Fitting problem 2¶

The data for this problem is available in the file fit_2.dat which can be downloaded from http://www.eg.bucknell.edu/~phys310/hw/hw4.html. One option is to download the data file to a local directory, and then import it using np.loadtxt(). Another option is to download it directly into the Jupyter notebook. I will use the second option here.

import numpy as np
from scipy import optimize

import urllib  # for importing data from URL

import matplotlib as mpl
import matplotlib.pyplot as plt

# Following is an Ipython magic command that puts figures in notebook.
#   next line is  compatible with html but does not include figures in pdf-file
%matplotlib notebook
#    use next line, if you want to download pdf-file of this notebook
#%matplotlib inline
        
# M.L. modification of matplotlib defaults
# Changes can also be put in matplotlibrc file, 
# or effected using mpl.rcParams[]
plt.style.use('classic')
plt.rc('figure', figsize = (6, 4.5)) # Reduces overall size of figures
plt.rc('axes', labelsize=16, titlesize=14)
plt.rc('figure', autolayout = True) # Adjusts supblot params for new size

Define linear model to be used in this problem¶

def f(x, m, b):
    return m*x + b

Options for getting data into notebook¶

Start by downloading the data files into the working directory. The np.loadtxt function imports the content of the data file into a numpy array. The unpack = 'True' option transposes the array so that each column is in a separate array.
Download directly from a URL

In this notebook I use the second option.
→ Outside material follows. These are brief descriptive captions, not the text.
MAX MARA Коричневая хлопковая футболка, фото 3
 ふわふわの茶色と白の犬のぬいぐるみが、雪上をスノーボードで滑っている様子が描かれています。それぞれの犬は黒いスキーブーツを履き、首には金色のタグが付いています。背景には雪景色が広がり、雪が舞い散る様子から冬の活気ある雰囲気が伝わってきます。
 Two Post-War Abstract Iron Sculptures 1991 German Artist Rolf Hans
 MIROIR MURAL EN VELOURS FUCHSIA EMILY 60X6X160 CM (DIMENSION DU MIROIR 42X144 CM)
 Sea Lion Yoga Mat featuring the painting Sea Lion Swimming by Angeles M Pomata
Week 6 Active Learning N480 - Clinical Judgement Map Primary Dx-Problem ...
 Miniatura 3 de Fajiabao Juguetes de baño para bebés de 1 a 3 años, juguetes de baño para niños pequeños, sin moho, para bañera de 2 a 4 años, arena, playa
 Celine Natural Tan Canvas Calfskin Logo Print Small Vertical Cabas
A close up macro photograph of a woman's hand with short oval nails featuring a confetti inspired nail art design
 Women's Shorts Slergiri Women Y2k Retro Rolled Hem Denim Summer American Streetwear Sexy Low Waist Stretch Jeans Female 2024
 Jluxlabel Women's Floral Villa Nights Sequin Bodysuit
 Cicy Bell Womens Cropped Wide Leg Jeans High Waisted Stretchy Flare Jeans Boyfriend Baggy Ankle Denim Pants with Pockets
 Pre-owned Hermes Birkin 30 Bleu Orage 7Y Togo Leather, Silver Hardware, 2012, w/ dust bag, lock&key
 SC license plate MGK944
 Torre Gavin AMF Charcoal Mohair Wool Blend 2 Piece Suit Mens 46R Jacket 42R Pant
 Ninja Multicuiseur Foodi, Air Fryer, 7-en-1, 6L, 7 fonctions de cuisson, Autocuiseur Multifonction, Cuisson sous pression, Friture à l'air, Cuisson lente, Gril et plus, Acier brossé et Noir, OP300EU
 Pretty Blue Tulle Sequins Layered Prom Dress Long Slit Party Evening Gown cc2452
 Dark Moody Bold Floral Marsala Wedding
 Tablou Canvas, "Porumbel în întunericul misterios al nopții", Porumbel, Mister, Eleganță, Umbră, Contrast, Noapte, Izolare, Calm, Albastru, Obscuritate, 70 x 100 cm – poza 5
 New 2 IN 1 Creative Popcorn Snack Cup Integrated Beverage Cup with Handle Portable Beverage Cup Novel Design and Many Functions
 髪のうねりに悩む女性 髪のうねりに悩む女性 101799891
g = urllib.request.urlopen('https://www.eg.bucknell.edu/~phys310/hw/assignments/fitting_2/fit_2.dat')
data = np.loadtxt(g)

Data is for an experiment in which there is a suspected linear relationship between measured values of $x$ and $y$. The data for each point is on a single line in the file. The first number on each line is the value of $x$, the second is the value of $y$, and the third is the uncertainty in $y$. Uncertainties in $x$ are assumed to be negligible.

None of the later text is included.